But what about the future? Let’s first focus on Low Volatility, since this is an area of the market that has struggled over the last couple of years. Since two months ago I devoted a whole column to this factor, I won’t repeat my analysis here. But I concluded then that you should continue to give Low Volatility approaches the benefit of the doubt.

So far so good.

The Quality factor is another story, however. Historically, according to research from Clifford S. Asness, Andrea Frazzini, and Lasse H. Pedersen of AQR Capital Management, high-quality stocks have outperformed low-quality stocks. This general pattern has not held up over the last two decades, however, which is one reason why utility stocks have benefited by in effect betting against quality. For example, the Invesco S&P 500 Quality ETF SPHQ, +0.40% has lagged behind the S&P 500 by 1.4 annualized percentage points since its inception in 2005.

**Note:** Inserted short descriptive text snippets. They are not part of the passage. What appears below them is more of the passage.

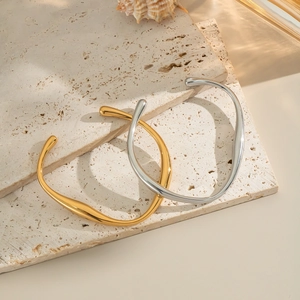 Irregular C-shaped stainless steel cuffs in gold and silver on a travertine stone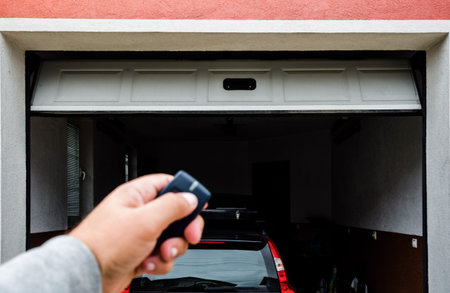 Garage door PVC. Hand use remote controller for closing and opening garage door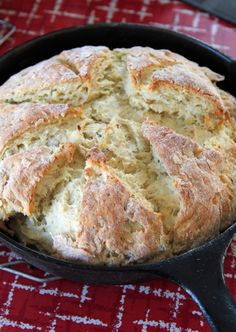 a skillet filled with bread on top of a red and white table cloth next to a knife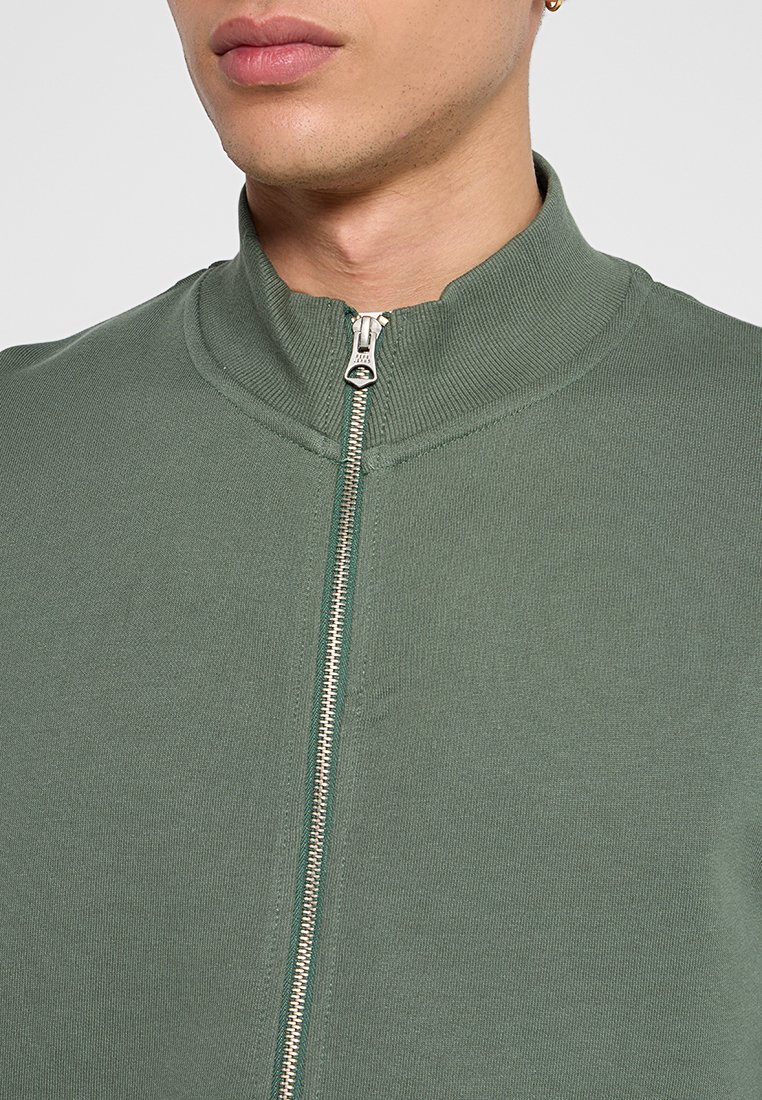 Zielona kurtka zapinana na zamek z wysokim kołnierzem, o prążkowanej teksturze, z metalowym detalem zamka z przodu, wykonana z miękkiego, elastycznego materiału.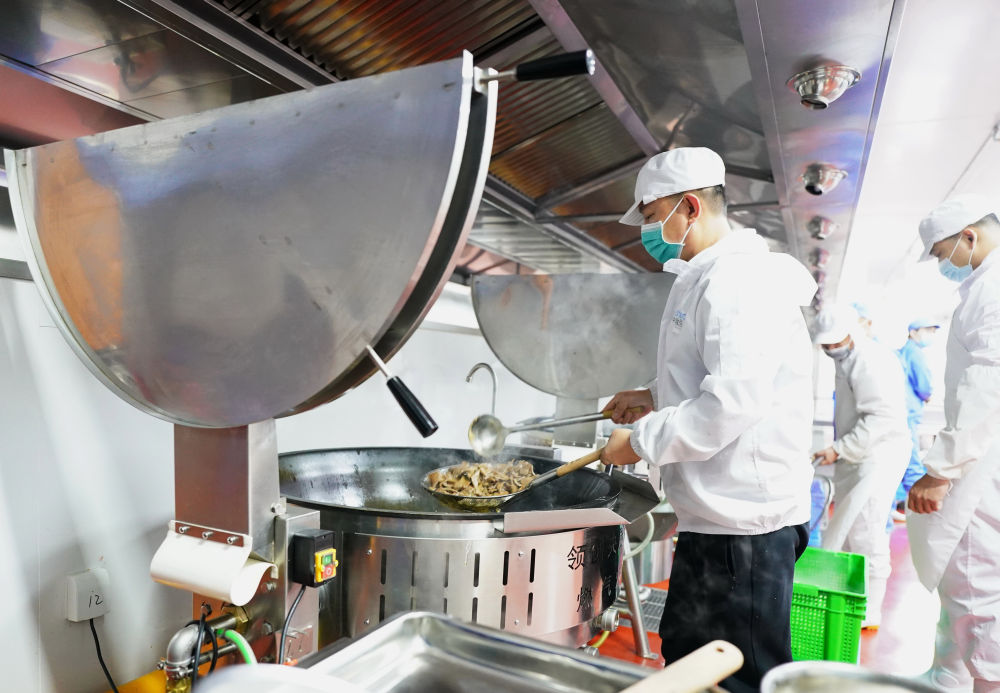 4月28日,唐山市路北区中央大厨房的工人在烹饪车间工作.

The best hypothesis I’ve seen for why quality stocks haven’t lived up to their historical reputation is the Federal Reserve’s extraordinary monetary stimulus, which dates back at least to the Great Financial Crisis. That stimulus in effect rewards companies for taking more risk, since they know that the government won’t let an economic downturn get out of hand. Some even refer to this stimulus as the “Fed Put.”

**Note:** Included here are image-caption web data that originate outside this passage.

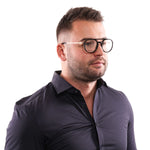 Man wearing Dsquared² Sleek Black Full-Rim Designer Eyewear with black frames and a dark shirt, showcasing unisex style.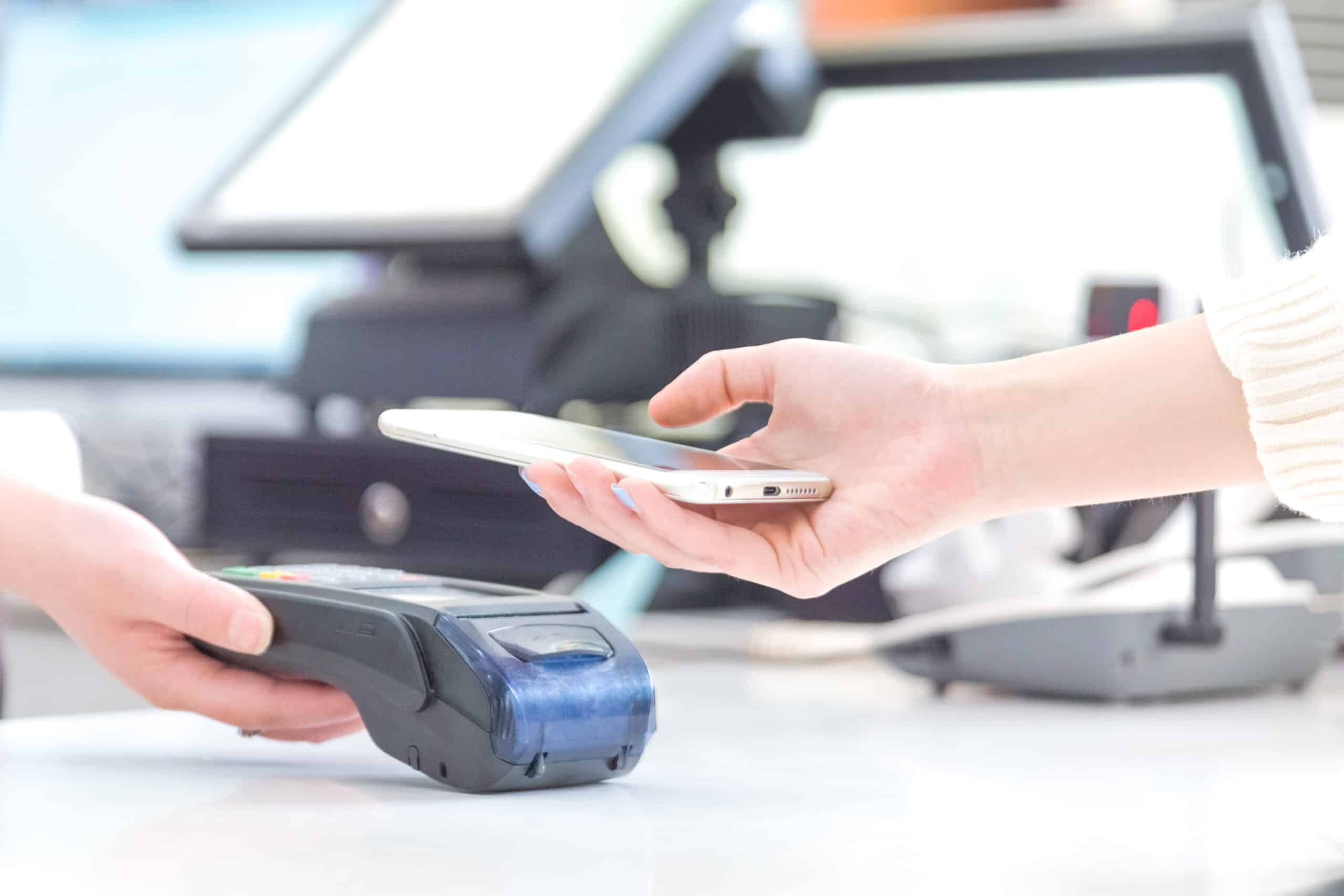 Person using smart phone to perform contactless payment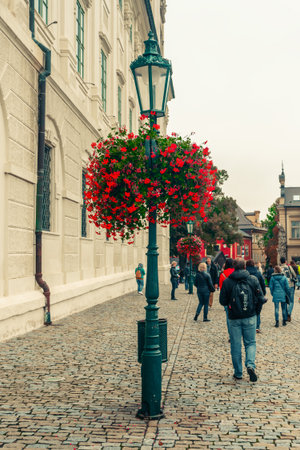 Czech Republic, Kutna Hora- September, 24, 2017. Flowers on the lanterns on the pedestrian path along the Jesuit College in Kutna Horaのeditorial素材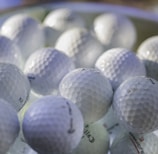 white golf ball on green golf course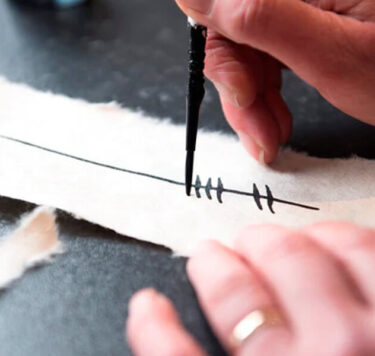 Black background with someone writing Ogham inscriptions onto a piece of paper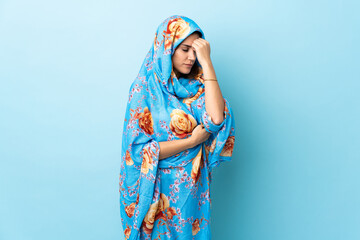 Young Moroccan woman with traditional costume isolated on blue background with headache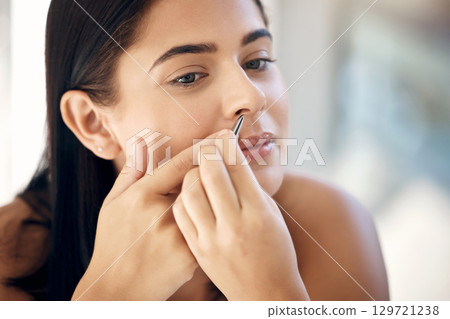 Grooming, nose tweezers and beauty care of a woman doing skincare and hair removal cleaning. Young person face doing health, facial and hair wellness for cosmetic dermatology treatment 129721238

If this hypothesis is correct, and if the Fed Put continues to exist, then it’s plausible that Quality will continue to struggle relative to the overall market. And, if so, that is yet another reason to continue betting on utility stocks in the future.

The bottom line? Despite struggling in recent years to keep up with the market, compelling reasons remain for retirees to continue investing heavily in utility stocks.